Bike on the left is a C50-HM 45cm slope whereas the bike on the right is a C40 49cm traditional, non-slope. Aside from asthetics, both bikes are set up about the same in terms of the relationship between seat, BB, and handlebars. Below that pic is a photo of the C50 HM by itself.


----------



## T-shirt (Aug 15, 2004)

*Gracias*

*Number9,

Thank you very much. I remember that first picture from another post and was wondering about the sizes. They look great. I appreciate your help.

Your C50 looks similar to the sizing of my Specialized.

Thanks again,
Tshirt *


----------



## Al1943 (Jun 23, 2003)

Trouble with a 45 cm bike on 700 wheels is that the top tube length is the same as a 49 cm bike.


----------



## Number9 (Nov 28, 2004)

In Colnago sizing, a 45-cm slope is essentially the same virtual measurements as a 49-cm standard configuration.

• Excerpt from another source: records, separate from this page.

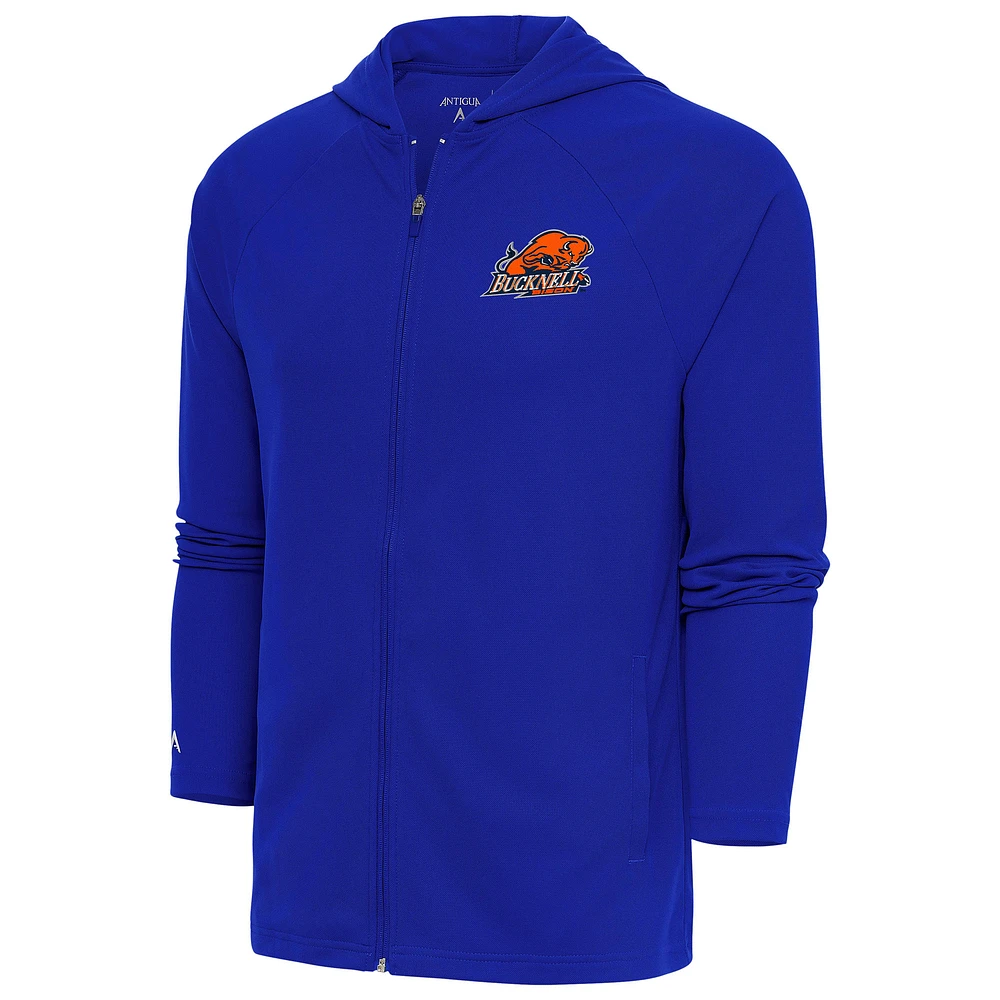Men's Antigua Royal Bucknell Bison Legacy Full-Zip Hoodie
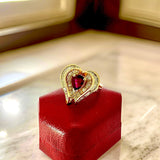 Estate Fine .80 ct Pear Shape Ruby & 1.37 cttw Diamond Yellow Gold Ring 15062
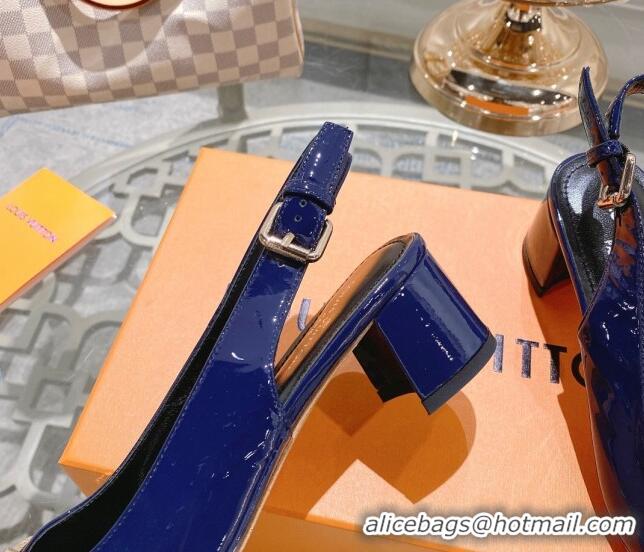 Stylish Louis Vuitton Madeleine Slingback Pumps 4.5cm in Patent Leather with LV Circle Blue 204035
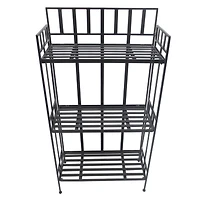 Santa's Workshop 46" Black Iron 3-Tier Shelf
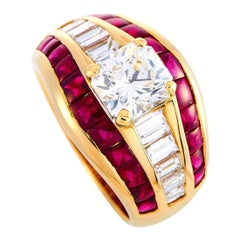 LB Exclusive 18 Karat Yellow Gold 2.72 Carat Diamond and Ruby Ring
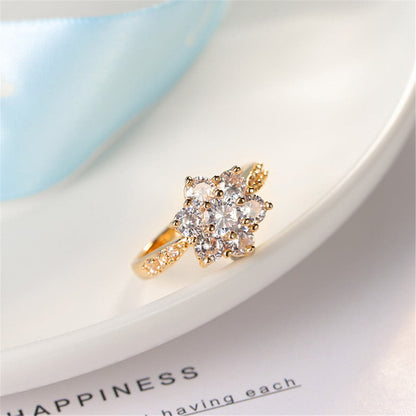 Cubic Zirconia and 18K Gold Plated Sunflower Ring, gold statement rings for women, elegant gift for her, lifestyle look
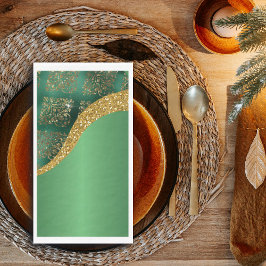 Glam Gold Glitzer Green Metallic Serviette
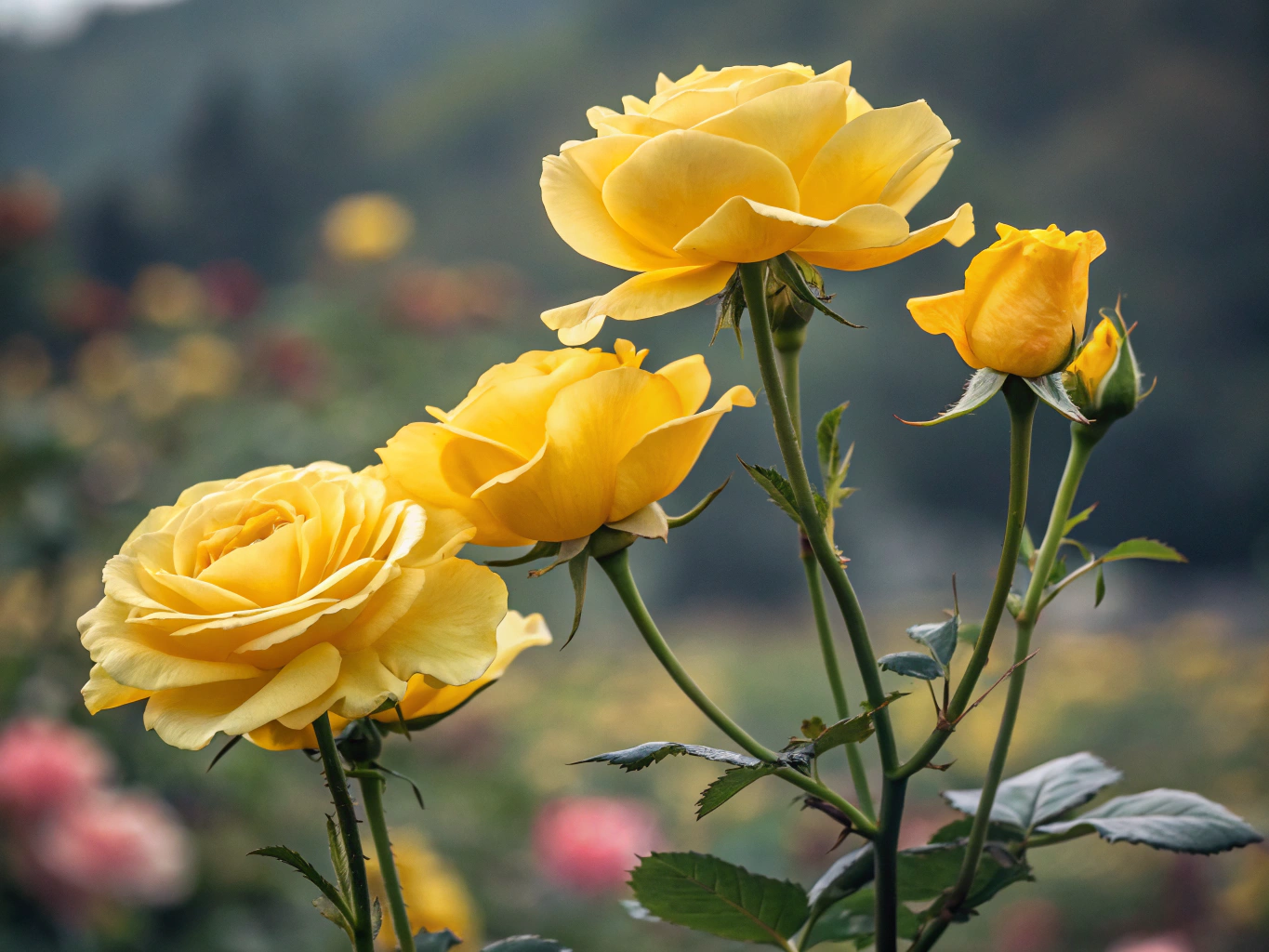 yellow roses standing tall whose petals are in the top quarter of the tile for a social media post

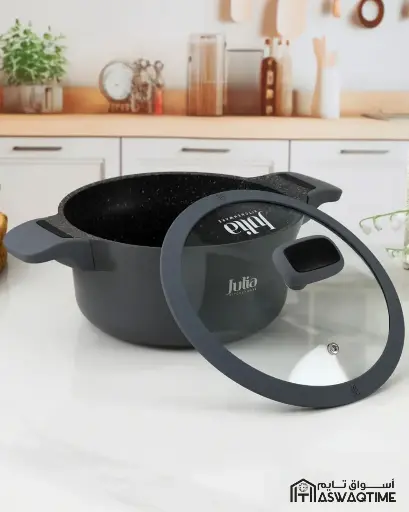 [JUL-JU1159 ] JULIA ELITE-EDGE CASSEROLE WITH LID 20CM GRAY 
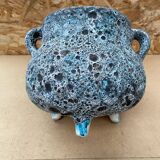 Old Cauldron Pot Tripod Annette ROUX Ceramic Fat Lava 50s #B579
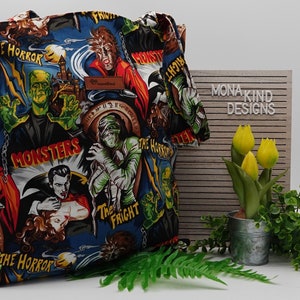 Baumwolltasche Film Monster in Old School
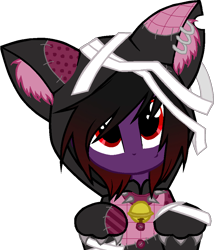 Size: 827x966 | Tagged: safe, artist:zeffdakilla, derpibooru import, oc, oc only, oc:frankie fang, human, equestria girls, bandage, base used, black hair, cat hoodie, collar, emo, looking at you, male, paws, piercing, purple skin, red eyes, scene, simple background, smiling, solo, transparent background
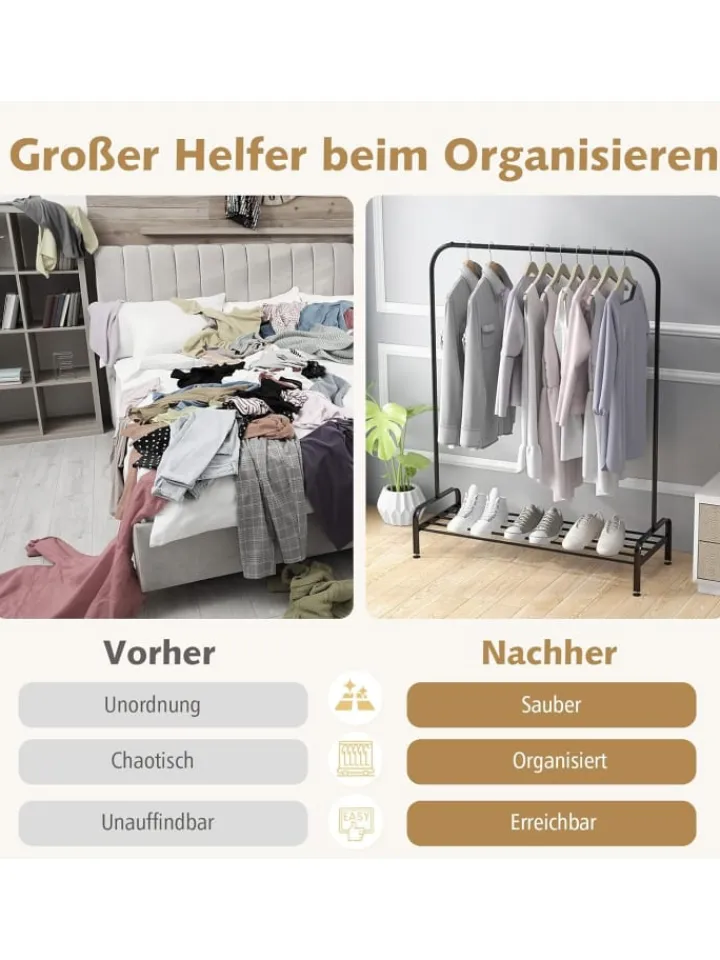 COSTWAY Wäschekörbe & -Ständer<Garderobenständer in Schwarz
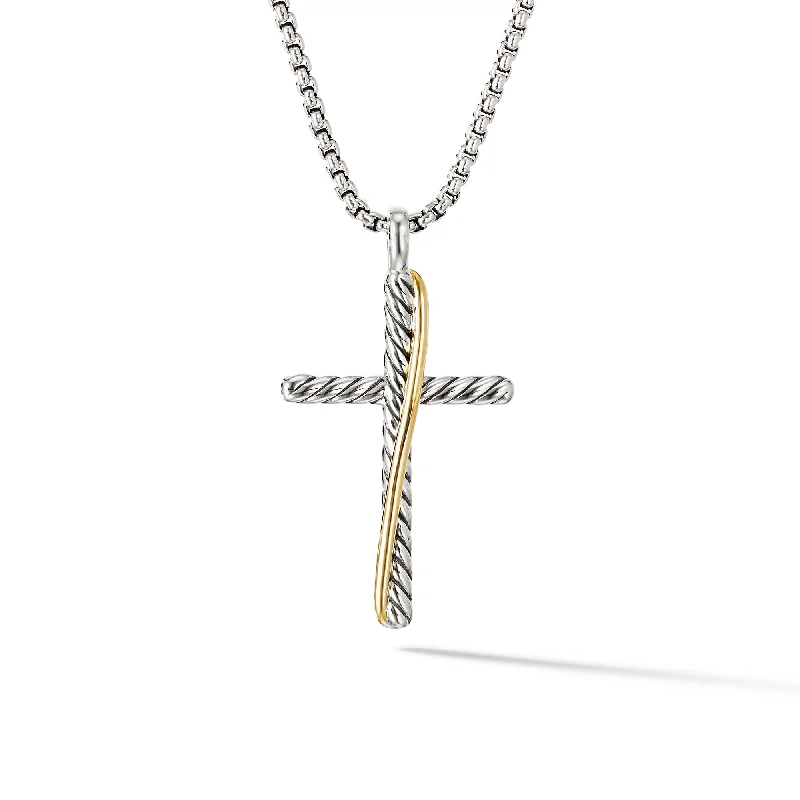 Unique Heart Necklace-Crossover Cross Necklace in Sterling Silver with 18K Yellow Gold\, 35.6mm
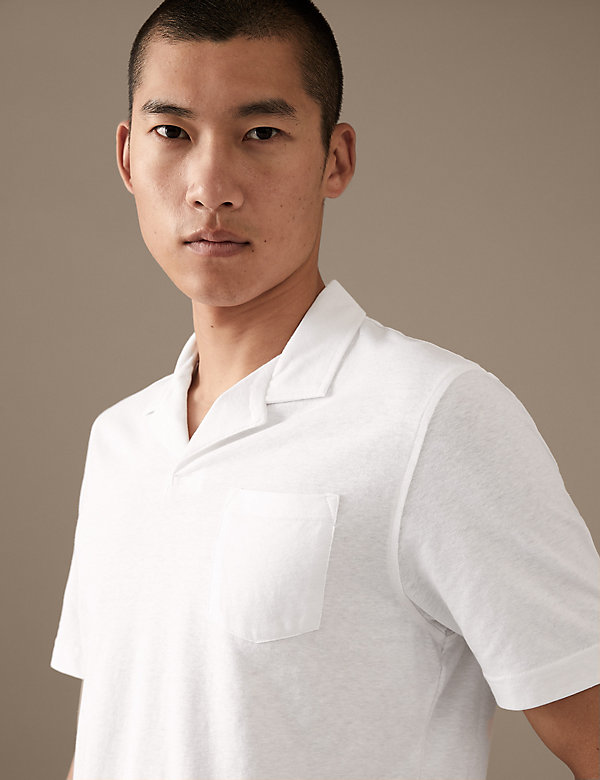 Linen Blend Revere Polo Shirt - CZ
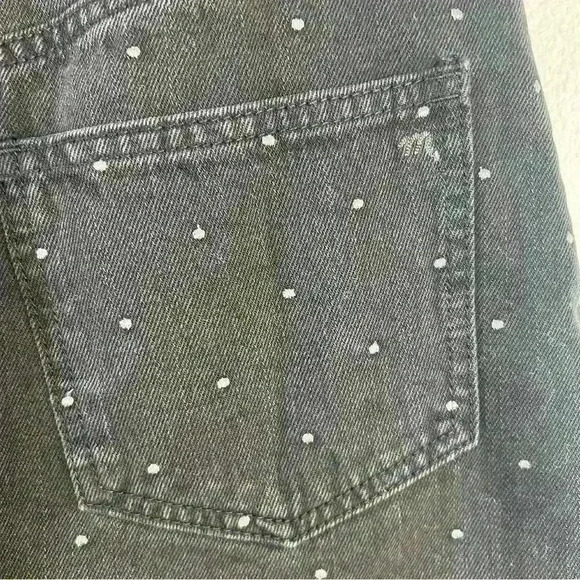 Madewell Rigid Denim A-Line Mini Skirt: Metallic Dots Edition Size 25 - Picture 10 of 15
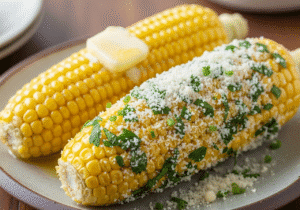 Two-ears-of-cooked-corn-on-the-cob-on-a-white-plate-one-seasoned-with-butter-and-the-other-with-garlic-parmesan.
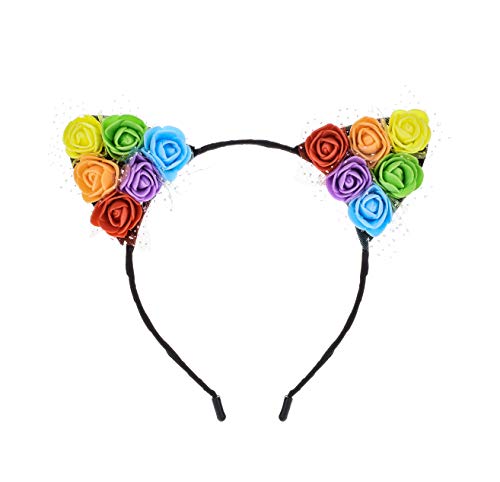 Product Cover Floral Fall Festival Sunflower Rainbow Rose Flower Cat Ear Headbands Girls Party DaisyHeadpieces HC-16 (Rose Ear)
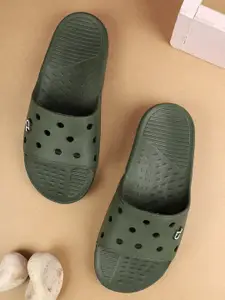 Carlton London Men Olive Green Solid Rubber Sliders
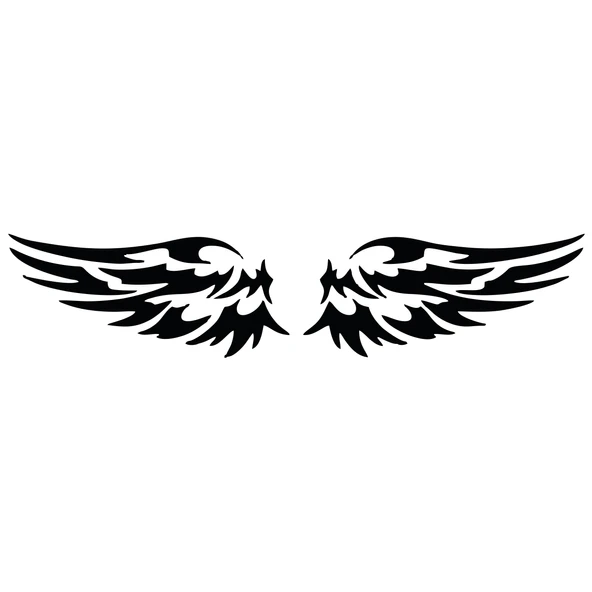 Çift Kanat Oto Logo Sticker  17x17 Cm Siyah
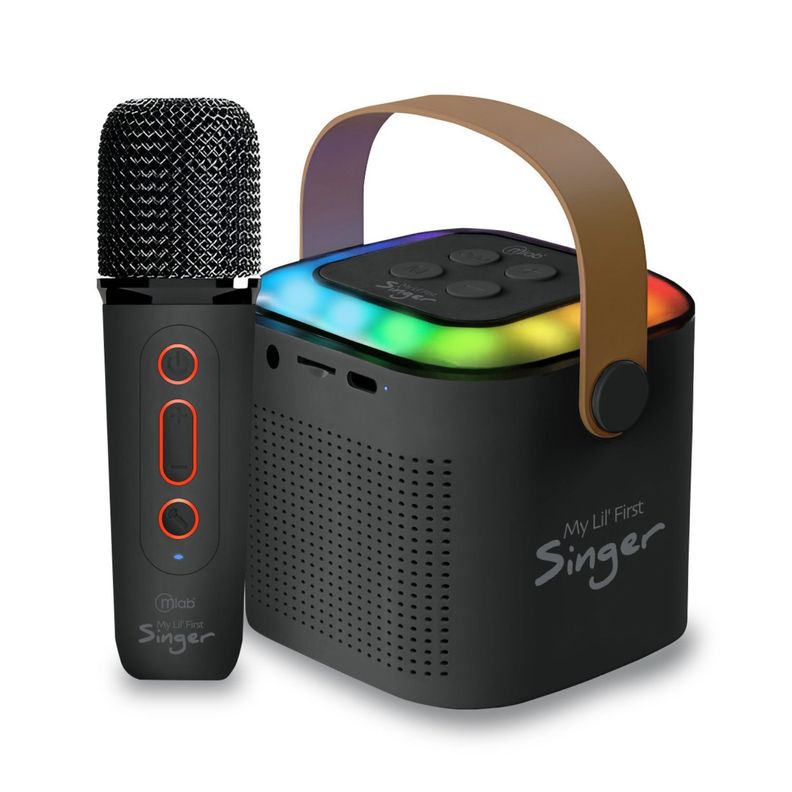 Parlante Karaoke Rgb Con Micrófono Inalámbrico Negro - PS-0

But they stopped making the latter in many of their current frames so the former is now the only choice.


----------



## bhhchiu (Jul 12, 2005)

I have a C40 B Stay in 51 (49cc) size and now ride on 48 slope C50 HP. 

I note that the 45 slpoe has a higher bottom bracket (10mm) than the 49 size. Can you feel any difference in handling. Normally higher BB = less stable.


----------



## Number9 (Nov 28, 2004)

I took the liberty of measuring the BB height on the C-50 (45-cm slope) and C-40 (49-cm std) and your observation appears to be correct about the 45-cm slope having a nominally higher BB height. That said, I don't notice any instability with the C-50. In fact, both Colnagos are fairly relaxed handling compared to my Pinarellos, which have quicker handling at the expense of requiring more attention.


----------



## FRW (Sep 18, 2013)

cant see the attached pic


----------